A beetroot dish with berries

Salt-baked beetroot with macadamia and mulberry

  • serves 4 as a starter
  • Easy

A new way to serve beetroot, this recipe makes the most of juicy mulberries (or blackberries) and a sharp sherry vinegar dressing


This salt-baked beetroot recipe comes from Analiese Gregory’s book How Wild Things Are (£22, Hardie Grant). Read more about Tasmanian cuisine here.

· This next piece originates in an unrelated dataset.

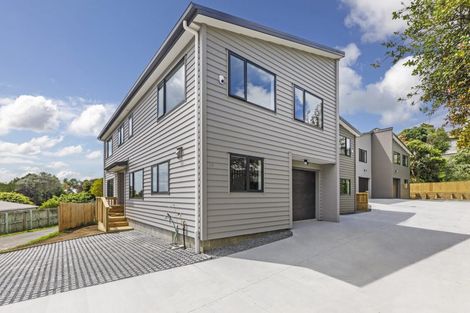 Photo of property in 10a Neilon Place, Northcross, Auckland, 0632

  • golden beetroots 3 medium, trimmed
  • purple beetroots 3 medium, trimmed
  • fine salt 700g
  • egg whites 75g (about 3)
  • raw macadamia nuts 150g
  • lemon ½, juiced
  • garlic 1 clove
  • olive oil 100ml
  • mulberries or blackberries 8, halved


  • sherry vinegar 40ml
  • tarragon leaves 20 (optional)
  • bottarga (salted, cured mullet rose) optional


  • Step 1

    Heat the oven to 200C/fan 180/gas 6. Arrange the beets on a tray lined with baking paper. Mix the salt and egg whites until completely combined. Mould the mixture around each beetroot then put in the oven and bake for 50 minutes, or until a skewer inserted into the middles meets no resistance. Cool a little.

  • Step 2

    In a blender, combine the macadamias, 160ml of water and the lemon juice, then grate in the garlic. Blend on high for 5 minutes until as smooth as possible. With the blender running, pour in 40ml of the olive oil and let it emulsify. Season with salt.

  • Step 3

    Break away the salt layers and peel the beetroots, discarding the peels, stalks and salt. Cut the yellow beets into ½cm slices and halve or quarter the purple beets.

  • Step 4

    Spoon the sauce onto a plate. Fan out the yellow beetroots, then place the purple beets on top.

  • Step 5

    Top with the berries and spoon over the sherry vinegar, remaining oil and tarragon leaves, if using, then grate over some bottarga, if you like.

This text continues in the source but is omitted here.